Weekly Torah Commentary — Ki Tavo August 23, 2013

Devarim/Deuteronomy 26:1 – 29:8Moses

A tremendous lesson challenges us in this week’s Torah portion, Ki Tavo. Among the most studied passages in Devarim/Deuteronomy is the lengthy passages in which Moshe describes the blessings that will abound for the Jewish people when we follow God’s mitzvot (commandments) as well as the horrific results of acting improperly. Problems like confusion, anxiety, depression, ignorance, starvation – and worse – are listed as the outcome of godless living.

What is MOST noteworthy, however, is the reason emphasized by the Torah for such undesirable consequences. These ‘curses’ unfold when “You did not serve the Lord your God with joy and goodness of heart” (Deut. 28:47).

Joy….Goodness of heart…since the consequences of NOT having these two attitudes are pretty severe, perhaps we’d best take another look at what they mean.

JOY is not synonymous with happiness. JOY is a state of mind and an orientation of the heart. It is a settled state of contentment,inner peace and confidence in the love of God. By contrast, happiness comes and goes; it is fleeting and temporary. JOY abides independent of external circumstances.

Oxford’s dictionary defines joy as, ” A vivid emotion of pleasure arising from a sense of well-being.” Joy is found in the quiet of a life going well, but equally in a life full of turmoil and even pain, when the fleeting sense of happiness may be a vague memory. Living joyfully requires minor changes at the very center of our inner person, rather than waiting for major changes in the external aspects of our life.
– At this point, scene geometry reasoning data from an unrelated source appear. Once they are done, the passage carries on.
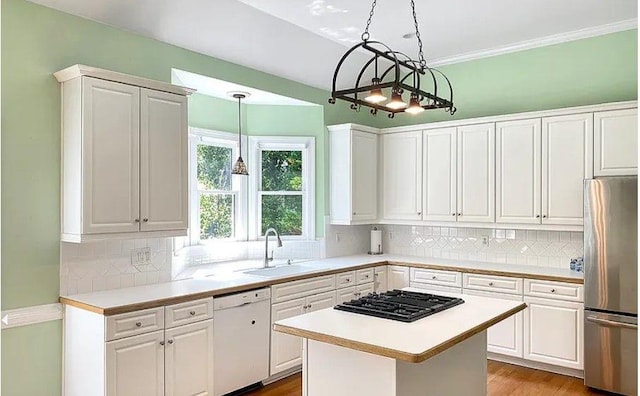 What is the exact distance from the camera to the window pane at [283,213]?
5.43 m

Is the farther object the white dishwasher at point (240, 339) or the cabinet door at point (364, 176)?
the cabinet door at point (364, 176)

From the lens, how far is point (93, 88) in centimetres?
315

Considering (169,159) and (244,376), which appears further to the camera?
(244,376)

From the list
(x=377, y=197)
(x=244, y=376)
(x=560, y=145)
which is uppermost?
(x=560, y=145)

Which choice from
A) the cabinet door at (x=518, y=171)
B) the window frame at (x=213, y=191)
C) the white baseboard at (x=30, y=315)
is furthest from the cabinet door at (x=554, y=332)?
the white baseboard at (x=30, y=315)

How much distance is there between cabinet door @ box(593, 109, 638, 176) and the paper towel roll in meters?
2.42

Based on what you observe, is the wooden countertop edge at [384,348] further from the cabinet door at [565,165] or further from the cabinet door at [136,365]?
the cabinet door at [565,165]

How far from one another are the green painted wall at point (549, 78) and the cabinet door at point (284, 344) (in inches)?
108

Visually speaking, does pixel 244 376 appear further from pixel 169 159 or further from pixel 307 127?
pixel 307 127

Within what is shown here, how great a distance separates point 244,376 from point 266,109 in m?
2.85

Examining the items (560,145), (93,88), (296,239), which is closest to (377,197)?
(296,239)

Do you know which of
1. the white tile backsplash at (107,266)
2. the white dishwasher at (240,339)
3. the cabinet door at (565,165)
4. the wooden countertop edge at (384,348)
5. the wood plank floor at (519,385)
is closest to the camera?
the wooden countertop edge at (384,348)

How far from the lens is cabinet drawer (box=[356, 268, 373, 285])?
16.1ft

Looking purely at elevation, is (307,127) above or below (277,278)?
above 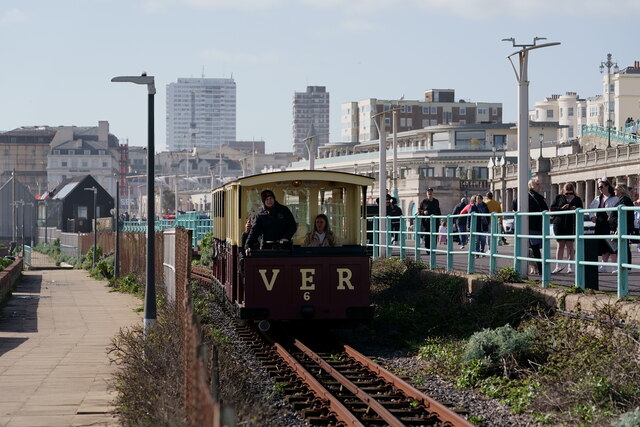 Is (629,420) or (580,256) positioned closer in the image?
(629,420)

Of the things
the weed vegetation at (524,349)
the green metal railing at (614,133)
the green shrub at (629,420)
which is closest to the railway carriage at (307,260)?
the weed vegetation at (524,349)

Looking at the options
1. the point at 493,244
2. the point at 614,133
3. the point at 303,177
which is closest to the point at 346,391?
the point at 303,177

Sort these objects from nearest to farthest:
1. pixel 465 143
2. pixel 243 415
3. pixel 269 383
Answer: pixel 243 415, pixel 269 383, pixel 465 143

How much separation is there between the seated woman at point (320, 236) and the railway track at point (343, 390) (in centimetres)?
162

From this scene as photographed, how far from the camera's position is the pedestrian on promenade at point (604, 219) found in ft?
60.3

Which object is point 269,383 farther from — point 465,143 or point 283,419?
point 465,143

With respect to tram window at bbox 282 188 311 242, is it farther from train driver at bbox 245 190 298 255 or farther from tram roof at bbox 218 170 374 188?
train driver at bbox 245 190 298 255

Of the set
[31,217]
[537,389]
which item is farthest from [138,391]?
[31,217]

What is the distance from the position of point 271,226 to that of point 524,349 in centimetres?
526

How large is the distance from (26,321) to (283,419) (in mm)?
16397

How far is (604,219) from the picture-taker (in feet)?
61.8

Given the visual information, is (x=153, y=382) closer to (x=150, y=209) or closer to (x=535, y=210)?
(x=150, y=209)

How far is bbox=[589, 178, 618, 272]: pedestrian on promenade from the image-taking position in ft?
60.3

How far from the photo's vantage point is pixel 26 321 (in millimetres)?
27156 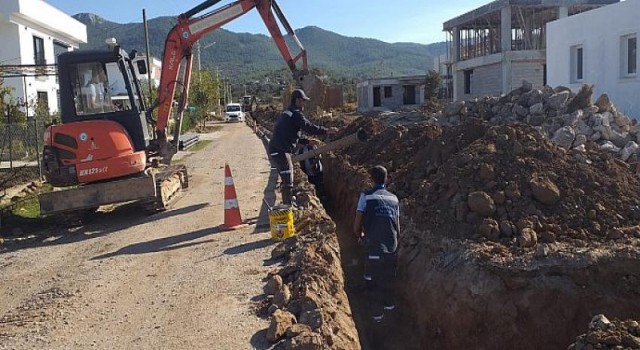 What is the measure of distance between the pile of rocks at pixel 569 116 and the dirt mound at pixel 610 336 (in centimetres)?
792

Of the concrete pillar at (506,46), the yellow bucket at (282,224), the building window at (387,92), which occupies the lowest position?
the yellow bucket at (282,224)

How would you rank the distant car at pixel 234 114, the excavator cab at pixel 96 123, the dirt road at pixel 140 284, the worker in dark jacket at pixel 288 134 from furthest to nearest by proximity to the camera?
the distant car at pixel 234 114 < the excavator cab at pixel 96 123 < the worker in dark jacket at pixel 288 134 < the dirt road at pixel 140 284

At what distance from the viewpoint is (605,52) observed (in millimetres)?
20609

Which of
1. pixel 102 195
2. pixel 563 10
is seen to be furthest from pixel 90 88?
pixel 563 10

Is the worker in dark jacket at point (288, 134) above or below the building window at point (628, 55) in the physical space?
below

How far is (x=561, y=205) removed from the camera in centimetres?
769

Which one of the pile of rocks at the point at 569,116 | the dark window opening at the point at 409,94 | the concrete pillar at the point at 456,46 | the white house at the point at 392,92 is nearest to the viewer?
the pile of rocks at the point at 569,116

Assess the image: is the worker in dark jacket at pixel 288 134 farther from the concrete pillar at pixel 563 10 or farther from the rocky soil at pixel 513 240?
the concrete pillar at pixel 563 10

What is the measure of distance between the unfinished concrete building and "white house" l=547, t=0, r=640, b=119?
9.00 meters

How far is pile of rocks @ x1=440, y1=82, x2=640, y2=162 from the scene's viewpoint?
12.9 metres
Since God is eternal and He has assured us in Torah and through the Prophets that His love is abiding, abundant and unconditional, inner joy is completely possible. It is a matter of deciding and embracing that the solid foundation for our life is faith and trust in the Holy One of Israel. Once that is the bedrock upon which we build our life, JOY (and the inner peace that comes with it) becomes a permanent state of heart, even in the worst of external times.

This is not to say that we become utterly “unflappable”. Hardly. Daily life is, as a friend of mine once said, “just so daily” and it serves us sweet moments along with sour ones. We may not have much happiness in the sour moments, but our joy in the overall goodness and providence of Avinu Malkenu (Our Father, Our King) remains unshaken.

“..and in goodness of heart…” We are all familiar with the phrase “out of the goodness of his heart…” which indicates a person whose general mode of behavior is characterized by kindness. Jewish teaching holds Chesed (Kindness) in very high esteem and it is taught as a major character trait to be developed in children and adults alike. In his book, KINDNESS, Rabbi Zelig Pliskin writes, “Kindness is one of the pillars of the world. Every act of kindness elevates your character and makes you a kinder person. A kind person is the agent of the Creator Himself.”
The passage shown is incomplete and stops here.